4. “Viva Las Vegas” (1964)
Presley’s frothiest concoction stars Elvis as a race-car driver who, while waiting for a new engine for his hot rod, takes a menial gig at a Las Vegas casino so he can woo Ann-Margret, who gives off more heat — romantically and musically — than any of Elvis’ s other female co-stars. Energetic and romantic, with great numbers and a climactic auto-racing sequence that visibly presages, in both look and execution, the creation of “Speed Racer” just three years later. “Viva Las Vegas” is the closest Presley ever came to starring in an actual great musical. It’s legitimately close!
3. “Follow That Dream” (1962)
If you ever wanted to see Elvis Presley play Steve Martin’s character from “The Jerk,” this is that film. And it’s great. In this weird comedy, Elvis’s vagabond family runs out of gas in Florida, then decides to permanently live wherever they just happened to park. Elvis accidentally robs a bank, accidentally takes out mafia hitmen, and accidentally rebukes every single sexual advance thrown his way (of which there is no shortage), and that’s always funny. It’s a delightfully goofy film, and the only comedy that truly knew how to capitalize on Elvis’s patented “aw, shucks” persona.

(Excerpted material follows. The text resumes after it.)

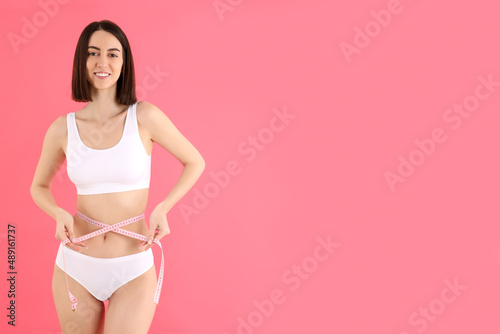 Concept of weight loss with young slim woman on pink background © Atlas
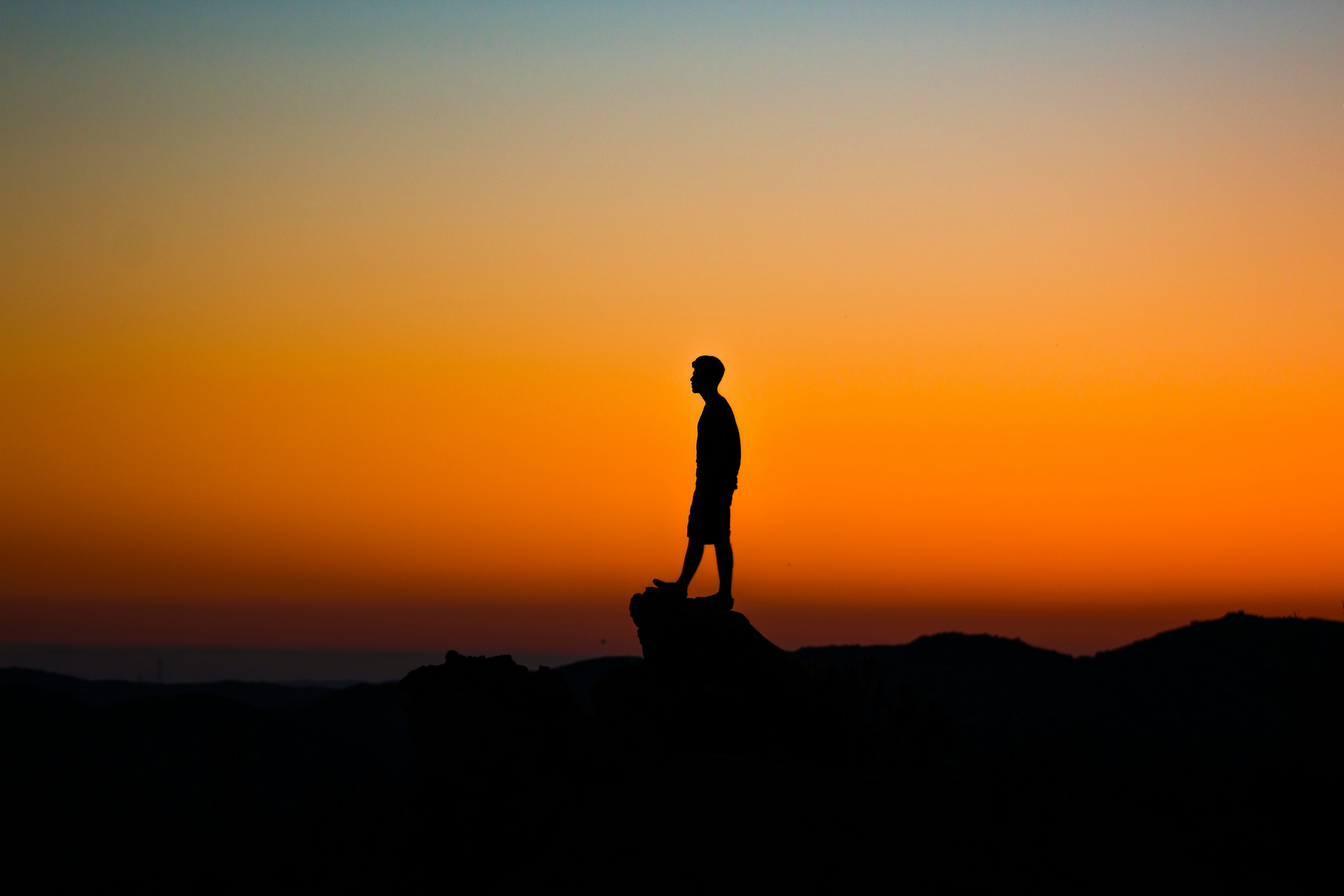 silhouette of man during sunset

2. “The Trouble With Girls” (1969)
Presley’s second-to-last movie as an actor is almost his best, in small part because it’s the only Elvis movie that doesn’t treat his presence like a gimmick. Elvis stars as seasoned showman running a Chautauqua in 1927, traveling from town to town putting on fascinating and informative productions and getting mired in an unusual murder mystery in the process. Bolstered by memorable supporting performances from Dabney Coleman, Vincent Prince, and even Frank Welker and Nicole Jaffe (who would make their debuts as Fred and Velma on “Scooby-Doo, Where Are You!” just ten days after this film’s debut), Presley’s casual charisma is a valuable piece of an impressive ensemble in an excitingly photographed and memorable period piece.
1. “King Creole” (1958)
The best Elvis Presley movie was very nearly a James Dean movie, but after the actor’s untimely death, it was reworked into an atmospheric and dramatically potent musical. Presley plays a high-school dropout wooed to the nightclub circuit, only to be seduced by a deeply troubled Carolyn Jones and controlled by her vicious criminal boyfriend, played by a fantastic Walter Matthau. Directed by Michael Curtiz (“Casablanca”) and stunningly photographed by Russell Harlan (“To Kill a Mockingbird”), Elvis is the weak link in the cast, but his naïveté is completely justified by the plot, which sends him down a path to ruin, fueled by extremely tragic choices. Presley may never have been a truly great actor, but this was the closest he got.